Assignment >> Copy all records exactly, excluding images.

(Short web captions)
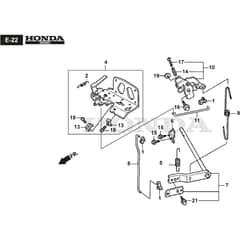 PARK 500 WX - 2025 - 2F6130535/ST2 - Stiga Front Mower Controls Diagram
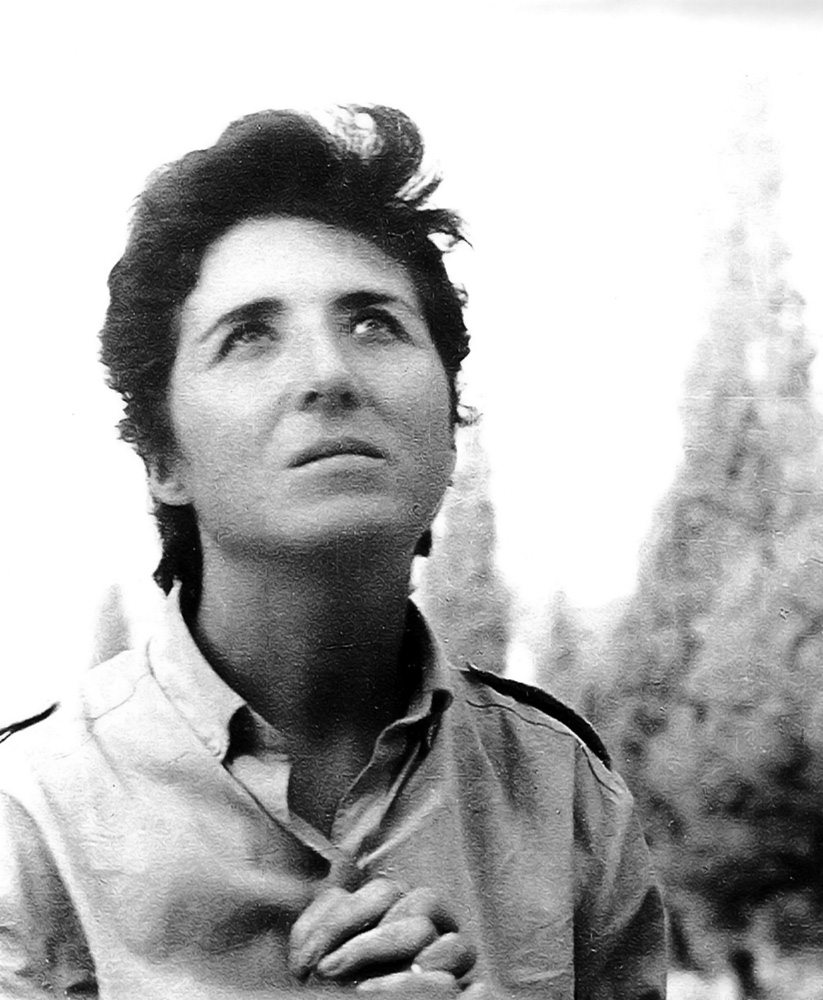 Carmen Hernández nel 1964 a Ein Karem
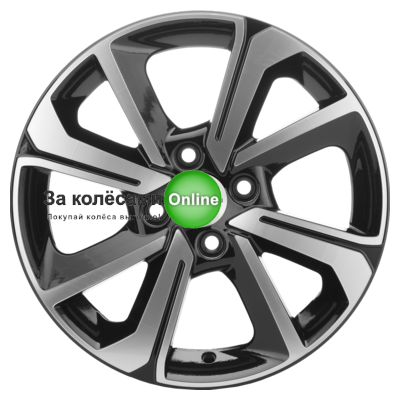 Khomen Wheels KHW1501 (Cobalt) 6x15/4x100 ET39 D56,6 Black-FP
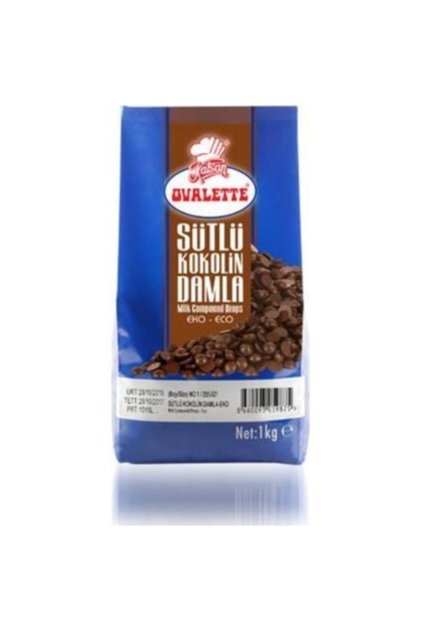 Ovalette Sütlü Damla Çikolata 2 Kg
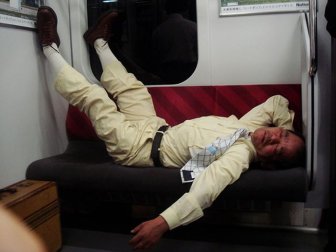Businessmen Of Japan Get Drunk And Pass Out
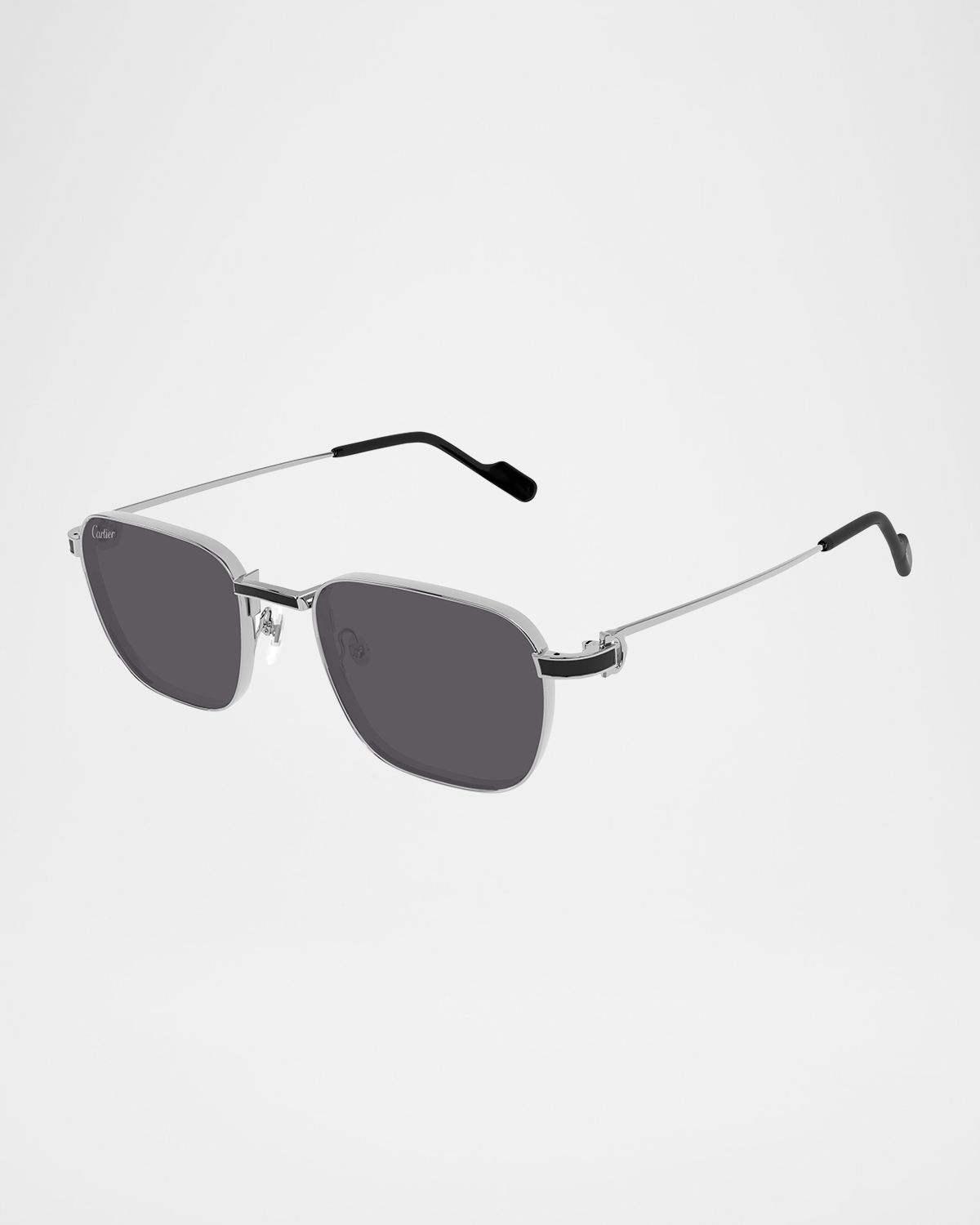 Cartier Men 's CT0497SM Metal Rectangle Sunglasses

Output for this task >>
 PARK 500 WX - 2025 - 2F6130535/ST2 - Stiga Front Mower Controls Diagram
 Carmen Hernández nel 1964 a Ein Karem
 Khomen Wheels KHW1501 (Cobalt) 6x15/4x100 ET39 D56,6 Black-FP
 Ovalette Sütlü Damla Çikolata 2 Kg
Businessmen Of Japan Get Drunk And Pass Out
 Cartier Men 's CT0497SM Metal Rectangle Sunglasses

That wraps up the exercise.